Paul Helm, following Piper’s critique of Wright, suggests that God’s righteousness cannot be defined as covenant faithfulness (see post here). I want to think out loud a bit about Helm’s argumentation, and would love to hear your thoughts after reading his post and after reading my impressions here. First, Helm states,
I think we need to pause for a moment or two on this claimed identity between righteousness and covenant faithfulness. It means, for one thing, that there is no other way that God could express his righteousness than by way of covenant faithfulness.”

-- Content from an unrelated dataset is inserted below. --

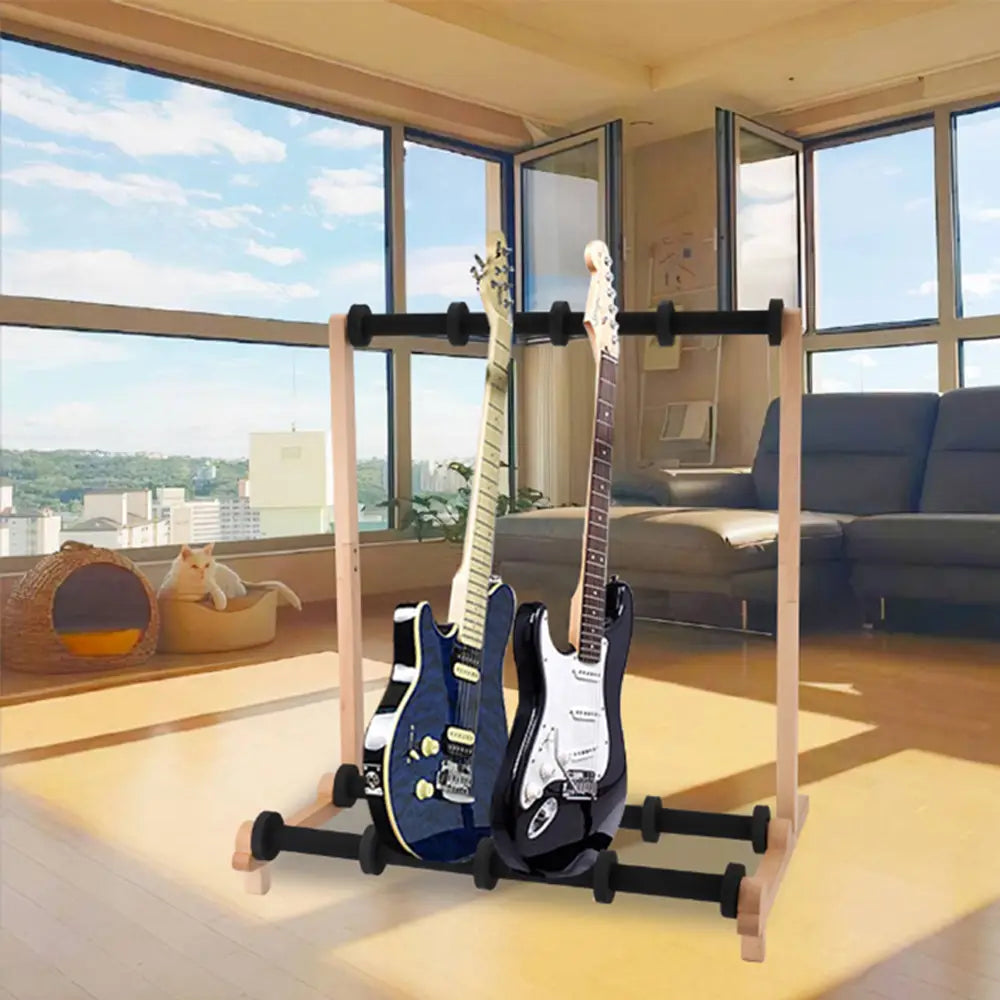 4 Rows Multi Guitar Wooden Stand Floor Display Stand Can Hang Bass Electric Guitar Ukulele Bass Instrument Playing Accessories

Now, presumably, if Wright is equating God’s righteousness with covenant faithfulness then this statement presupposes its conclusion. Note Helm’s assumption that God must have “righteousness” behind his covenant faithfulness. This seems, in light of the argument, to be both unhelpful and presumptuous. Next, Helm claims,
Yet it is not merely a question of some definition of righteousness not being adequate, of how we are to understand that righteousness. It is also, and more fundamentally, the question of the coherence of any account of divine righteousness that does not begin with who God is. Being, the being of God, must come first; acting is a consequence of being.”
Likewise, with characterological boldness, Helm continues by adding, “But Piper has put his finger on an inherent weakness with such approaches. To be contributions to Christian theology they all need what a mere narrative, a mere sequence of events , does not and cannot deliver. They need a doctrine of God.” Therefore, in this segment of the argument (this is clearly not a robust summary, please read the post itself), Helm and Piper critique Wright for having a “narrative” as opposed to a truly “metaphysical” account of God. But this critique doesn’t stop with Wright, but is a critique on the tendency to see God’s righteousness and covenant faithfulness, and therefore deal with God’s economy apart from his nature (or so the argument goes).

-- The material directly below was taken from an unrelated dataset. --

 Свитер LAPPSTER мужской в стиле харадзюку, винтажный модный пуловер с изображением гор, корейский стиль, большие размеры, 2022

My question here does not concern the validity of these critiques against Wright, but if these critiques are adequate for equating covenant faithfulness with righteousness. Interestingly, as noted on this blog prior, Jonathan Edwards (a person of interest for both Piper and Helm) held to the same view as Wright’s. Edwards states:
“So the word righteousness is very often used in Scripture for his covenant faithfulness; so ’tis in Nehemiah 9:8, “Thou hast performed thy words for thou art righteous.” And so we are very often to understand righteousness and covenant mercy [to] be the same thing, as Psalms 24:5, “He shall receive the blessing from the Lord and righteousness from the God of [his salvation],” Psalms 36:10, “O continue thy lovingkindness to them that know thee; and thy righteousness to the upright,” and Psalms 51:14, “Deliver me from bloodguiltiness, O God, thou God of my salvation; and my tongue shall sing aloud of thy righteousness” and Daniel 9:16, “O Lord, according to thy righteousness, I beseech thee, let thine anger and thy fury be turned away” and so in innumerable other places.” (Y9:114-115)

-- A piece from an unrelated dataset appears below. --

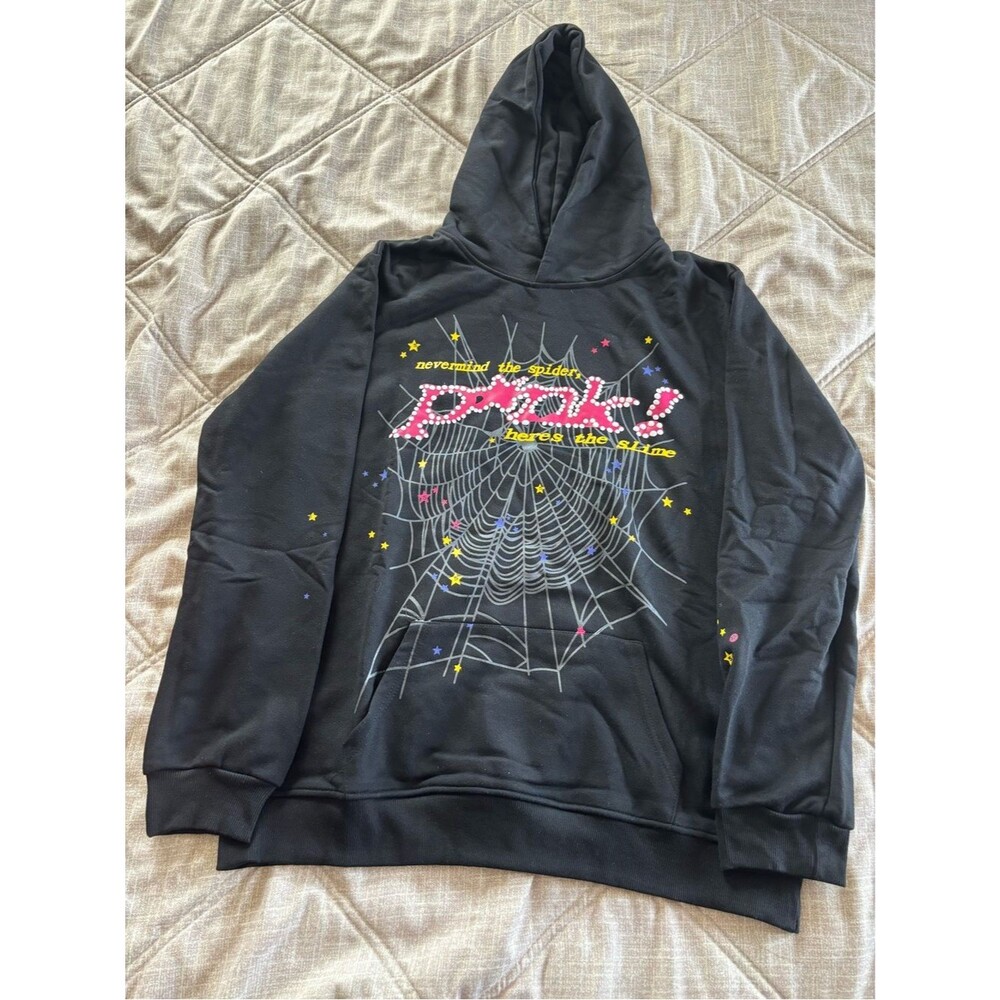 Sp5der Worldwide: Men’s Black/Pink Hoodie - Size L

Edwards continues on to add, “God’s righteousness or covenant mercy is the root of which his salvation is the fruit.” For Edwards, “righteousness” is a unrealized perfection of God, and therefore not a metaphysical “property” but a potentiality – for the very reason that it is relationally defined. God creates to give his unrealized attributes “exercise.” Both Wright and Edwards offer exegetical reasoning for arguing that God’s righteousness is in fact his covenant faithfulness, and Edwards, contra Piper and Helm, offers a solution with his metaphysically rich doctrine of God (regardless of what you think of it). In this sense, like mercy, God has the attribute but doesn’t have reason for it to be exercised. Righteousness, or God’s faithfulness, isn’t exercised until he creates. This does not mean that there isn’t an account of righteousness in his doctrine of God, only that he understands righteousness to exist only in relation.
But I’m not convinced this is where you would need to go (the route of unrealized attributes). Does God, for instance, need to have a matching attribute (metaphysically speaking) for everything that is true of him. Does he have the attribute of “able to be incarnate” for instance? This is certainly a relational attribute. Cannot God have underlying attributes that find exercise in a variety of ways without necessitating their own attribute? Therefore love, truthfulness and justice would seem to be enough metaphysical grounding for righteousness to be covenant faithfulness. It seems to me that Piper and Helm assume from the outset that God has to have righteousness as a property of his being in order to be considered righteous, and I just don’t know if that is necessary.
Am I off here? What do you think? I do find it interesting that the likes of Wright and Edwards landed on the same point from exegesis. Without making an exegetical argument, what would it take to truly argue against their position? Is it that obvious that God must have a metaphysical property or attribute of righteousness in order to act righteously?